Task requirements
In the data that follows, find the line with "A statue of"; transcribe it, every later line up to the one with "trzy-biale-ptaki-origami-w-kolejce-na-pomaranczowym-tle", and that line as well, exactly and with no others.

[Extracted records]
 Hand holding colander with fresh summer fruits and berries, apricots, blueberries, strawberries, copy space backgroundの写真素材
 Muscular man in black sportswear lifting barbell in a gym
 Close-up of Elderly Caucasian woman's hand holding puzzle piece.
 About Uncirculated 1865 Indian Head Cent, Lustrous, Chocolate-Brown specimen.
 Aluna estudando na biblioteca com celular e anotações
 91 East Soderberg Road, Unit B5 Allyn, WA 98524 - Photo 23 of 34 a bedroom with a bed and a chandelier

--

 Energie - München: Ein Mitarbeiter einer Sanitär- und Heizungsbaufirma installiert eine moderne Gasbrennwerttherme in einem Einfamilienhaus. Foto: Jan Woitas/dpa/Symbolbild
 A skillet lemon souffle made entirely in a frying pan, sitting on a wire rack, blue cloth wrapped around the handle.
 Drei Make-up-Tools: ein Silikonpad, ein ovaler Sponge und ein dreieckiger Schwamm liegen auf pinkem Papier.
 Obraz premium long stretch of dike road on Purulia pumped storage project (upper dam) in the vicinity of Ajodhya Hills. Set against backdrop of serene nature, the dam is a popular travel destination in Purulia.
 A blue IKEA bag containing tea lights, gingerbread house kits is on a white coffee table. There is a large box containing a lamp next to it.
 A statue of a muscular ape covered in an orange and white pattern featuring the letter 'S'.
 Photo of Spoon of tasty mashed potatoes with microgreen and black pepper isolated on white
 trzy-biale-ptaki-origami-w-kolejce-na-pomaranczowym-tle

Result of this task
 A statue of a muscular ape covered in an orange and white pattern featuring the letter 'S'.
 Photo of Spoon of tasty mashed potatoes with microgreen and black pepper isolated on white
 trzy-biale-ptaki-origami-w-kolejce-na-pomaranczowym-tle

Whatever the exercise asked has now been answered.